[Scraped caption text data]
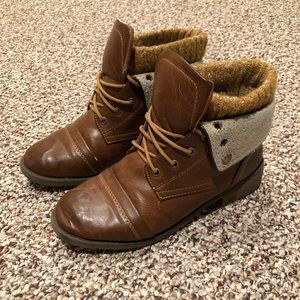Brown ankle boots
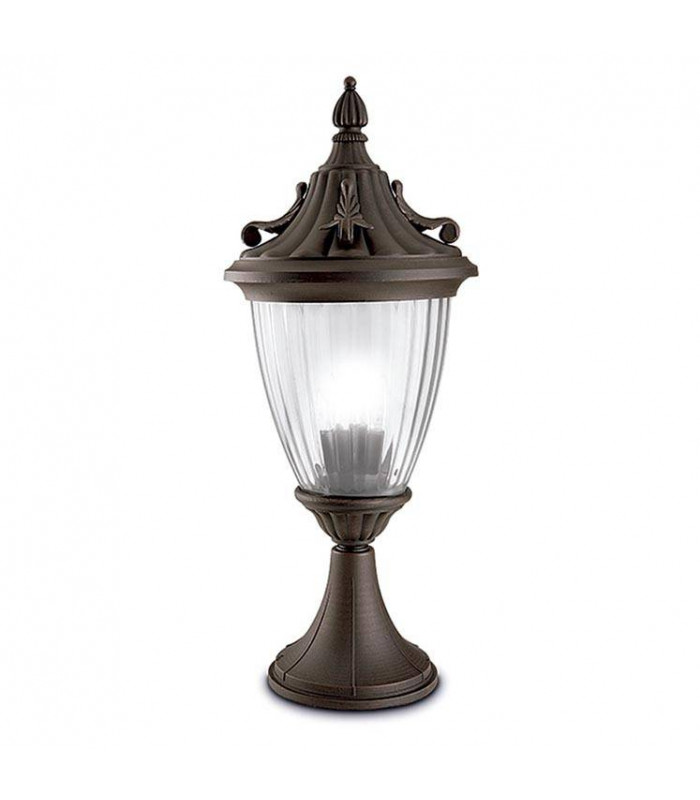 1 Light Outdoor Lamp Rusty Brown
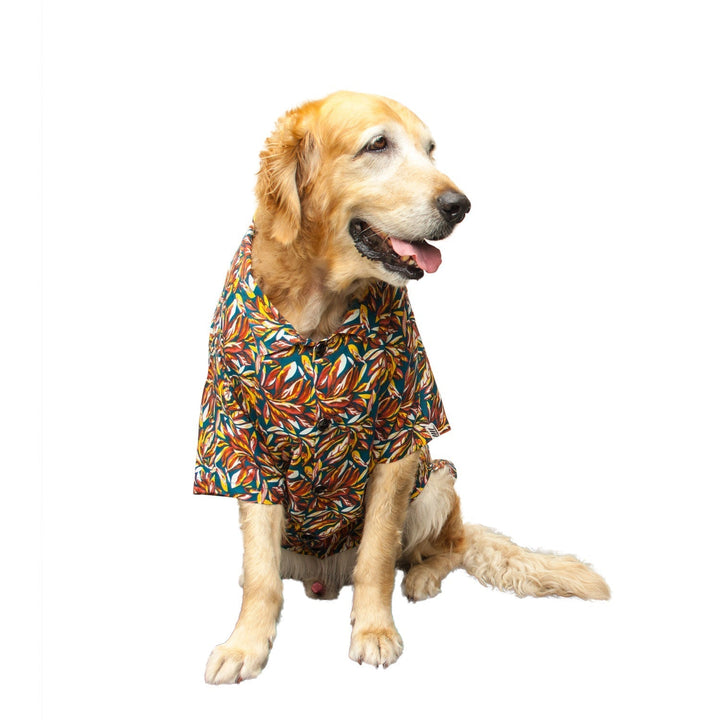 Autumn Jungle Printed Dog Shirt | SoftTech Fabric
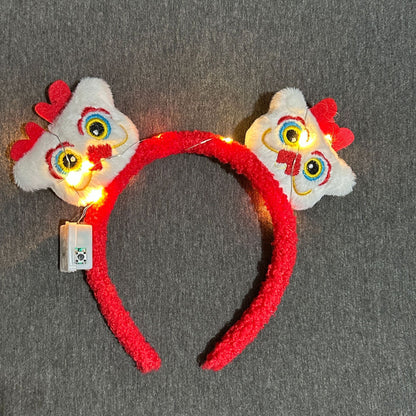 Headband New Year Creative Hair Accessories New Year's Day Annual Meeting Activity Luminous Buy Center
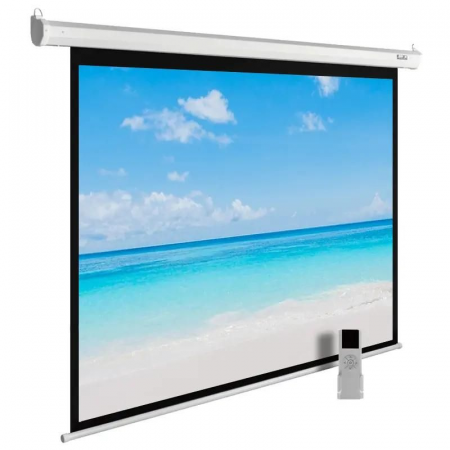 Экран Cactus 225x300см MotoExpert CS-PSME-300x225-WT 4:3 настенно-потолочный рулонный (моторизованный привод), фото 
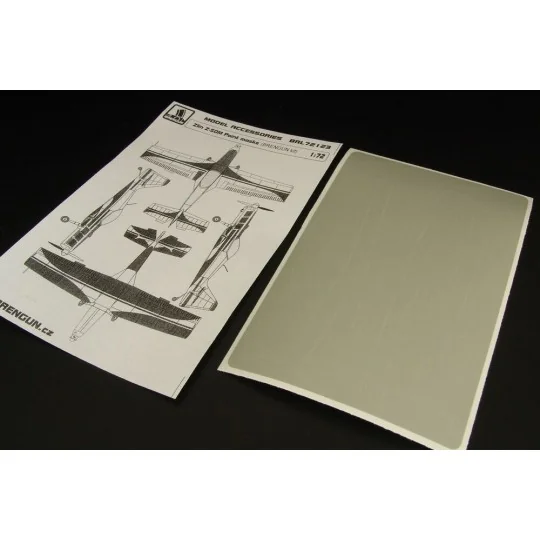 Z-50M Paint masks (Brengun), 1/72 - Brengun BRL72123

◆ REQUIRED ACTION
Output the records verbatim without pictures.

◆ SOLVED PROBLEM
Brown ankle boots
 1 Light Outdoor Lamp Rusty Brown
 Autumn Jungle Printed Dog Shirt | SoftTech Fabric
 Headband New Year Creative Hair Accessories New Year's Day Annual Meeting Activity Luminous Buy Center
 Экран Cactus 225x300см MotoExpert CS-PSME-300x225-WT 4:3 настенно-потолочный рулонный (моторизованный привод), фото 
 Z-50M Paint masks (Brengun), 1/72 - Brengun BRL72123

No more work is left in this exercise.